Speaking during a tour of one of the government’s markets in the state of Miranda, the Vice President informed that the program has subsidized more than 7 billion bolivars ($1.6 billion) worth of products in 2012, resulting in a savings of between 50 and 60 percent for residents when compared with commercial retail outlets.
Specifically, Jaua highlighted the prices of some products such as cooking oil, which is available at a savings of 79 percent while chicken is sold for 69 percent less than the normal regulated price. The same is true for red meat, which is offered at half of the price found in private outlets.
“Thanks to [President Hugo] Chavez, the poor also now have the right to eat meat and they can buy it in Mercal at only 7 bolivars ($1.62) a kilogram”, he stated.
As part of the celebratory activities marking Mercal’s 9th year of service, the government put on sale more than 3 million kilograms of food products last Saturday in 552 different sales points belonging to the state’s growing network of food distribution outlets.

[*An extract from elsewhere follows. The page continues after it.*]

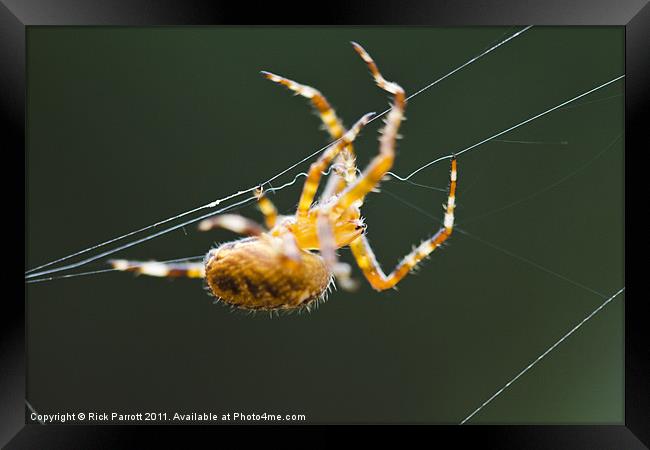 Orb Weaver Spider On Web Framed Print by Rick Parrott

“In socialism, food is a sacred right of the people and everyday it will continue to be more so while with capitalism it’s a business of the powerful”, Jaua asserted.
An Expanding Network
Apart from Mercal, the state’s distribution networks have also grown to include other outlets such as the Venezuelan Food Producer and Distributor (PDVAL) and the Bicentennial grocery market chain that have offered important products to residents at prices far below the private sector.
“Mercal continues to be directed towards the most disadvantaged sectors with a subsidy of more than 60, 70 and even in some cases 80 percent. Now we have the PDVAL network and the Bicentennial stores which are quickly developing so that all Venezuelans have access to food products”, the Minister said on Sunday.
PDVAL was created in 2008 as a program of the state oil company Petroleos de Venezuela (PDVSA) while the Bicentennial markets were founded after the state nationalized the French owned Exito grocery markets in January 2010.
The idea has been to ensure that the population has access to basic commodities and that the prices of such goods are shielded against the kind of speculation and hoarding that has become commonplace in the Venezuelan private market.
Specifically, the concept of Mercal arose after the Venezuelan right-wing, in its efforts to force the democratically-elected Hugo Chavez from the presidency, embarked upon an oil lockout at the end of 2002.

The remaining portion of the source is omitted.